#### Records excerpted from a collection
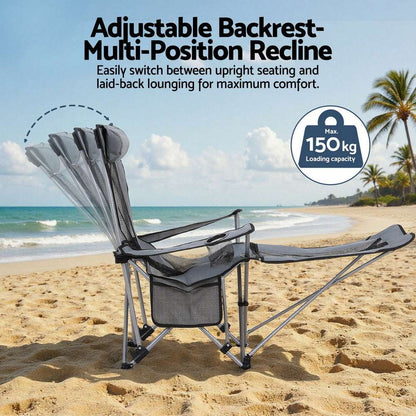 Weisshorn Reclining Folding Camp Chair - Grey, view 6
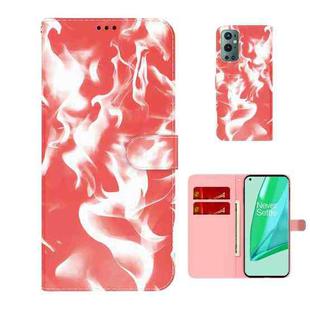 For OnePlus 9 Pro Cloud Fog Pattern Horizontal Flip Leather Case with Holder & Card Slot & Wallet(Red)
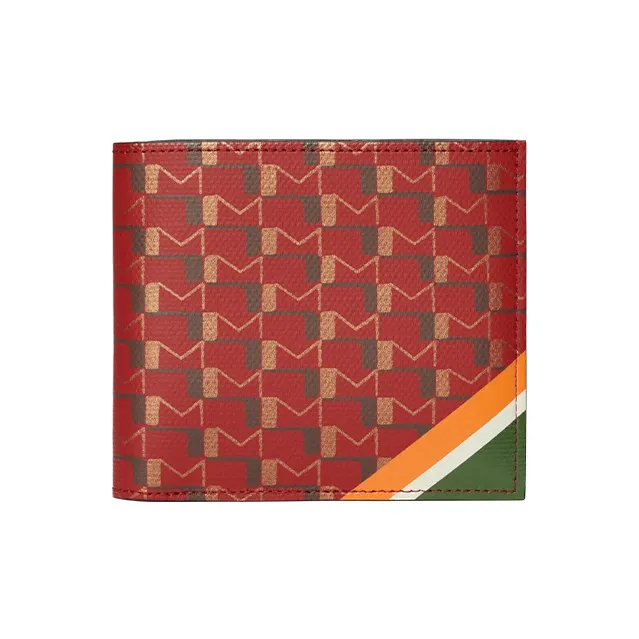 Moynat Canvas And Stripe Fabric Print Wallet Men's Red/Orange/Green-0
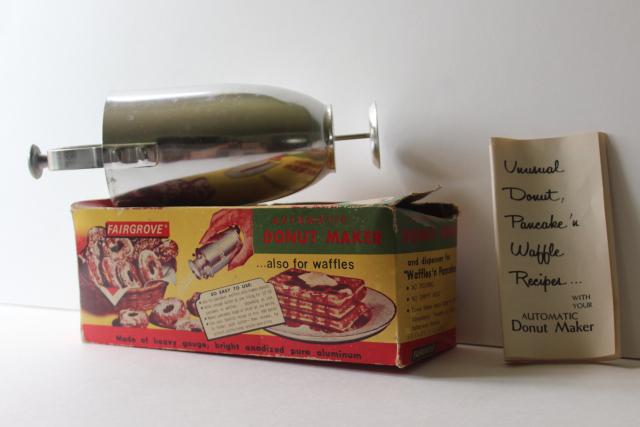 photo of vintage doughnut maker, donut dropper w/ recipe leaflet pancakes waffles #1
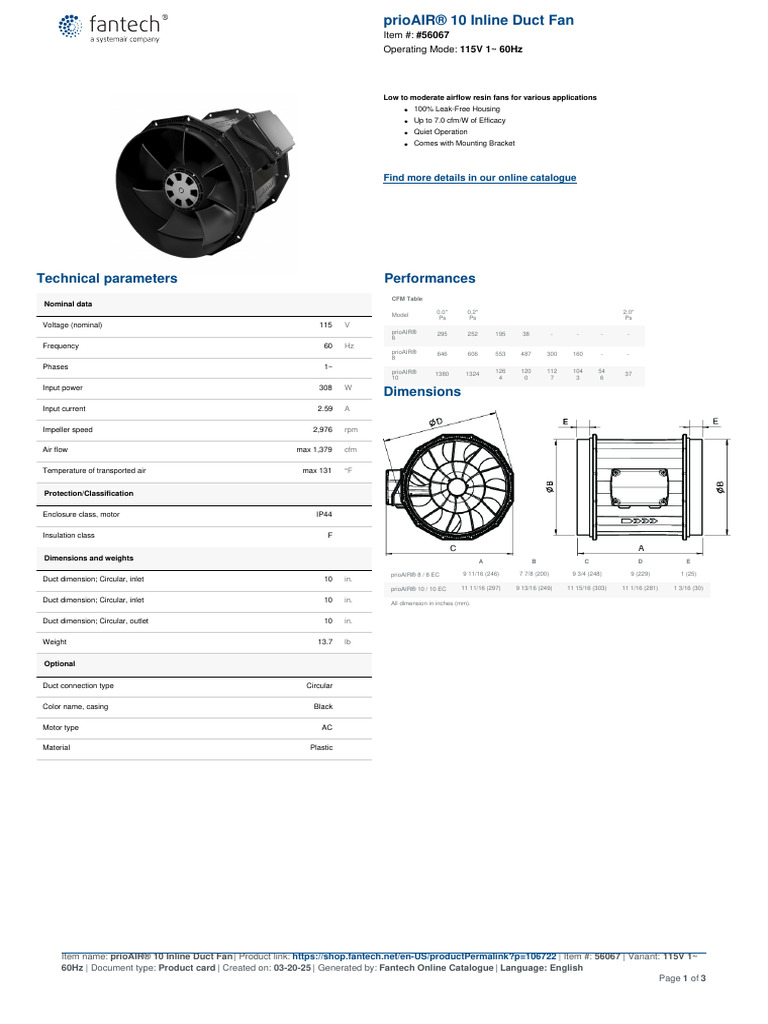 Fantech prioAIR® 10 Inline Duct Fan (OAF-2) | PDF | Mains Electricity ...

#### TASK INSTRUCTIONS
The lines wanted run from the one with "Moynat Canvas And" through the final line of the data; repeat them word for word and skip every picture.

#### EXERCISE ANSWER
 Moynat Canvas And Stripe Fabric Print Wallet Men's Red/Orange/Green-0
 photo of vintage doughnut maker, donut dropper w/ recipe leaflet pancakes waffles #1
 Fantech prioAIR® 10 Inline Duct Fan (OAF-2) | PDF | Mains Electricity ...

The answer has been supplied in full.